Activity:
All of the data that follows needs to be printed again, exactly as it reads.

Supplied records:
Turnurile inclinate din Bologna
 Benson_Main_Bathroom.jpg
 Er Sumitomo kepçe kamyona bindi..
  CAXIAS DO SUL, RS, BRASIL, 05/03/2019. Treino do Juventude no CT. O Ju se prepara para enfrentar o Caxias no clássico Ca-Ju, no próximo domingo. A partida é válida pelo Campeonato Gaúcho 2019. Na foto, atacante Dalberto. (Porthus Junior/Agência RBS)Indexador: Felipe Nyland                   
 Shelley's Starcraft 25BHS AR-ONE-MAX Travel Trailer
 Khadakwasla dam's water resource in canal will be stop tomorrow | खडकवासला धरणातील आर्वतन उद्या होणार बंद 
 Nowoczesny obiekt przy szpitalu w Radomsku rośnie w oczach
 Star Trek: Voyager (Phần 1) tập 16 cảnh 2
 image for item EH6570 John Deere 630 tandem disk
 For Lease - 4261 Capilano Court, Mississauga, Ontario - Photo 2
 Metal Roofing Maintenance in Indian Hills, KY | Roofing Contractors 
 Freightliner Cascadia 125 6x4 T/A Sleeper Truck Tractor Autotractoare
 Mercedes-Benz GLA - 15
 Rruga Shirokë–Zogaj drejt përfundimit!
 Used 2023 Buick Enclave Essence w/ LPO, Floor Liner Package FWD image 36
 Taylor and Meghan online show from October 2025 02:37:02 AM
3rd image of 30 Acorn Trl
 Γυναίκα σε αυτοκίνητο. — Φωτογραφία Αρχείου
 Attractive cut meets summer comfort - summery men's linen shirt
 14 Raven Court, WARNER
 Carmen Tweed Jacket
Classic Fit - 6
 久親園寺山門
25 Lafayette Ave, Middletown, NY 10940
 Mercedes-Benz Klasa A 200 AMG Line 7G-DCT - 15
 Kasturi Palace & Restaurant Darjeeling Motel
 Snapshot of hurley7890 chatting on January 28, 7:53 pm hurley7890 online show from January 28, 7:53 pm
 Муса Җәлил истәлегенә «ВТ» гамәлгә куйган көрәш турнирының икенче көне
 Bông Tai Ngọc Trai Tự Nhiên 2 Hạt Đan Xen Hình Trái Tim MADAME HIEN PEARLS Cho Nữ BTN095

Response to this exercise:
Turnurile inclinate din Bologna
 Benson_Main_Bathroom.jpg
 Er Sumitomo kepçe kamyona bindi..
  CAXIAS DO SUL, RS, BRASIL, 05/03/2019. Treino do Juventude no CT. O Ju se prepara para enfrentar o Caxias no clássico Ca-Ju, no próximo domingo. A partida é válida pelo Campeonato Gaúcho 2019. Na foto, atacante Dalberto. (Porthus Junior/Agência RBS)Indexador: Felipe Nyland                   
 Shelley's Starcraft 25BHS AR-ONE-MAX Travel Trailer
 Khadakwasla dam's water resource in canal will be stop tomorrow | खडकवासला धरणातील आर्वतन उद्या होणार बंद 
 Nowoczesny obiekt przy szpitalu w Radomsku rośnie w oczach
 Star Trek: Voyager (Phần 1) tập 16 cảnh 2
 image for item EH6570 John Deere 630 tandem disk
 For Lease - 4261 Capilano Court, Mississauga, Ontario - Photo 2
 Metal Roofing Maintenance in Indian Hills, KY | Roofing Contractors 
 Freightliner Cascadia 125 6x4 T/A Sleeper Truck Tractor Autotractoare
 Mercedes-Benz GLA - 15
 Rruga Shirokë–Zogaj drejt përfundimit!
 Used 2023 Buick Enclave Essence w/ LPO, Floor Liner Package FWD image 36
 Taylor and Meghan online show from October 2025 02:37:02 AM
3rd image of 30 Acorn Trl
 Γυναίκα σε αυτοκίνητο. — Φωτογραφία Αρχείου
 Attractive cut meets summer comfort - summery men's linen shirt
 14 Raven Court, WARNER
 Carmen Tweed Jacket
Classic Fit - 6
 久親園寺山門
25 Lafayette Ave, Middletown, NY 10940
 Mercedes-Benz Klasa A 200 AMG Line 7G-DCT - 15
 Kasturi Palace & Restaurant Darjeeling Motel
 Snapshot of hurley7890 chatting on January 28, 7:53 pm hurley7890 online show from January 28, 7:53 pm
 Муса Җәлил истәлегенә «ВТ» гамәлгә куйган көрәш турнирының икенче көне
 Bông Tai Ngọc Trai Tự Nhiên 2 Hạt Đan Xen Hình Trái Tim MADAME HIEN PEARLS Cho Nữ BTN095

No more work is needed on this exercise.